Critique

«Space Funk», casques à la pointe

Le label anglais Soul Jazz sort une compilation de quinze raretés electro funk de groupes inconnus, aux messages souvent militants.
par Charline Lecarpentier
publié le 5 janvier 2020 à 17h06
(mis à jour le 6 janvier 2020 à 17h51)

Bien avant Guion Bluford, le premier Afro-Américain envoyé en mission spatiale en 1983, la musique noire avait entamé son expansion dans l'espace. Une nouvelle compilation du label anglais Soul Jazz encapsule 15 titres rares qui témoignent de cette «afro futurist electro funk» nourrie de science-fiction et d'ordinateurs, passionnant sas entre le funk des seventies et la proche révolution de la dance music.

La période balayée à coups de lasers, voix robotiques et expérimentations synthétiques débute en 1976, l'année où l'humain a sondé physiquement Mars pour la première fois. La réédition de ces titres à la fin des années 2010 n'est pas non plus fortuite : sortis à l'époque sur des labels indépendants, dont les vinyles atteignent parfois un montant stratosphérique, ils sont désormais accessibles et permettent de documenter tout un pan de l'afrofuturisme, ce mouvement culturel émancipateur pour les afro-descendants, nourri d'anticipation et de sublimation de la condition d'alien qui intéresse de nouveau beaucoup, cinq décennies après Sun Ra, notamment grâce à sa puissance d'imaginaire. On redécouvre les pionniers, telle l'auteure de science-fiction afro-américaine Octavia E. Butler, qui fut récemment l'objet d'une exposition à la Gaîté lyrique à Paris, pendant qu'une nouvelle génération d'artistes se réinvente ou que le grand public s'enthousiasme pour Black Panther, les albums de Janelle Monáe ou encore Shabaka Hutchings.

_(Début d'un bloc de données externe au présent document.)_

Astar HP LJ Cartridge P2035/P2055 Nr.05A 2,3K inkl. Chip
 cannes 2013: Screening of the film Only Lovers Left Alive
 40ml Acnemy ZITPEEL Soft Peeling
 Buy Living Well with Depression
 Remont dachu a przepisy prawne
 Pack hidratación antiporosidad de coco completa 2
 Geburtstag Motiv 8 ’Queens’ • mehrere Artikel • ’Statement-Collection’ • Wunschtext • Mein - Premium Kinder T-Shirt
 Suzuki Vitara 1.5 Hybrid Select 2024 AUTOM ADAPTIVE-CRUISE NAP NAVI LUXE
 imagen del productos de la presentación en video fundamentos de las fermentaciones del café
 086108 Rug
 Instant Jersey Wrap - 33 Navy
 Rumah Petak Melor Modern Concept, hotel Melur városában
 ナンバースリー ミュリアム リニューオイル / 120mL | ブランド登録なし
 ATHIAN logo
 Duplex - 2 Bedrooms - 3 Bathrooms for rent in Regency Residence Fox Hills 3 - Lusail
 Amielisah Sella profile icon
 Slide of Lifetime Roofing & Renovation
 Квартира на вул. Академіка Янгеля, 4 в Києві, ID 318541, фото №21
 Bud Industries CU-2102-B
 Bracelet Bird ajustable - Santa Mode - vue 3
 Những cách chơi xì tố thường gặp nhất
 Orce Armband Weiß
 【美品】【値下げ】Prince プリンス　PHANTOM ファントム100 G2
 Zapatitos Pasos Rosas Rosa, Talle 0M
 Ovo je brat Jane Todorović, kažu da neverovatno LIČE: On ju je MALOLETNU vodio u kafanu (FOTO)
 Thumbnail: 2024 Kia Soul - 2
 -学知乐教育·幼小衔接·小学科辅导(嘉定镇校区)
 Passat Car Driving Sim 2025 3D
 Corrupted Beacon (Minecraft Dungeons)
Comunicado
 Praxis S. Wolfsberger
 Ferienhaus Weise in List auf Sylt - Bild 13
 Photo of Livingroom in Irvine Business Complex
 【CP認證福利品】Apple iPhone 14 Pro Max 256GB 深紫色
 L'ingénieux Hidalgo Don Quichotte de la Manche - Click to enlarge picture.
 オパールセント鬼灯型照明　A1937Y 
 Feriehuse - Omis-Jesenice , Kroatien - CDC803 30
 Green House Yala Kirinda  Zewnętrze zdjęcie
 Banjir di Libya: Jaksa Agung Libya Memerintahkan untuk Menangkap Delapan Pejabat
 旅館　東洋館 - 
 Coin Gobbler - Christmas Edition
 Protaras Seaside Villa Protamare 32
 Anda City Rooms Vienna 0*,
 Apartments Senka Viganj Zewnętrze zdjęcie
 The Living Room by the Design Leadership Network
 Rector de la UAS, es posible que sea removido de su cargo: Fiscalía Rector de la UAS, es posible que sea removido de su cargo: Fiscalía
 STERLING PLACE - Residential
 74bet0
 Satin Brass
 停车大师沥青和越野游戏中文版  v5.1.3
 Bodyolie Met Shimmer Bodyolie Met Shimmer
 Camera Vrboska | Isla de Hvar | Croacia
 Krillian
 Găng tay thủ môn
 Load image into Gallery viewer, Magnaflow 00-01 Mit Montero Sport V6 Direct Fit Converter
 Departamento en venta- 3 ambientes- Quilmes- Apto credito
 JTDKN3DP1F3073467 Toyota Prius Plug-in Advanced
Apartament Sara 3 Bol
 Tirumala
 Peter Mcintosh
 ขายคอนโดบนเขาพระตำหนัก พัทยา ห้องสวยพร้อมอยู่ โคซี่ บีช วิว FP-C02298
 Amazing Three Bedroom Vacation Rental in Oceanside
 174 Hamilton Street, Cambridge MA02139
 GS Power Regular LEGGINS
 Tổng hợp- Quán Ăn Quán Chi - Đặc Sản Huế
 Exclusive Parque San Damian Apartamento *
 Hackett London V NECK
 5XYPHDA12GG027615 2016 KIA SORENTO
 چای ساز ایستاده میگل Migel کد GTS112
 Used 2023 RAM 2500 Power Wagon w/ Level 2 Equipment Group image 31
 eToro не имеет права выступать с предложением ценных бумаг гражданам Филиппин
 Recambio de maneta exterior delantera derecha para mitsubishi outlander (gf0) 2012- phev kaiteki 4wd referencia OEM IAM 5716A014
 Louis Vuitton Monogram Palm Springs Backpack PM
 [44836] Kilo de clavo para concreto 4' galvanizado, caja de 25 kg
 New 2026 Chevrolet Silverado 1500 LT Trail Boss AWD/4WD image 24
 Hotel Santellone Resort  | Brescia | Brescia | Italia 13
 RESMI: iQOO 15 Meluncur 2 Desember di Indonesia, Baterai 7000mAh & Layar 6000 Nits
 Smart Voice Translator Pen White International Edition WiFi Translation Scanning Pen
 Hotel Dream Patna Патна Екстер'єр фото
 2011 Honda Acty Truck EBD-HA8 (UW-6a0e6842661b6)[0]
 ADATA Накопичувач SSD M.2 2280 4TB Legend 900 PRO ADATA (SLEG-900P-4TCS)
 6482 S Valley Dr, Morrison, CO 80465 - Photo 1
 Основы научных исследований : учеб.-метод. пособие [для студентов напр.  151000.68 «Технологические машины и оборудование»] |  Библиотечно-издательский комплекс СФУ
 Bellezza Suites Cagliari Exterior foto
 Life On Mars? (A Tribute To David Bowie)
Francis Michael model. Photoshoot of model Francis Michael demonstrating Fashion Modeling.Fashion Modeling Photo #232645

Groove. Les explorateurs réunis sur cette compilation sont bien plus anonymes : Jamie Jupitor, Solaris, Robotron 4, Juju & The Space Rangers ou Rodney Stepp, des artistes cachés sous des casques bien avant Daft Punk, qui ont inspiré à ces derniers l'usage du vocodeur, à l'effet implacable sur le dancefloor, surtout quand il était accompagné de la «robot dance», popularisée par les Jackson Five en 1974 avec Dancing Machine. Le mouvement était alors total : la même année, Stevie Wonder plaçait lui aussi l'espoir à des milliards d'années-lumière de la Terre sur Heaven Is 10 Zillion Light Years Away. Sur les raretés collectées ici, le groove métronomique reste à apprivoiser, faisant rouler ses rouages entre les synthés et les cuivres, et des intros étirées en plat de résistance, avec parfois de longs solos de guitares rappelant Frank Zappa. Tout le monde n'a pas les moyens de partir en fusée mais les seventies offrent d'autres solutions démocratiques pour planer en collectivité, et le pionnier de l'espace ici n'est pas Neil Armstrong mais Parliament-Funkadelic. Sur Seven (We Are) de 7 Below Zero Band, c'est l'aire de lancement de l'electro-funk, sur une base boogie-disco radieuse, des sabres lasers tirés des premiers trips de Star Wars et des guitares croisant leurs éclairs. Les voix métalliques sont scratchées, le turntablism paré à ses futurs décollages et la virtualisation des cuivres coupent quand même le souffle.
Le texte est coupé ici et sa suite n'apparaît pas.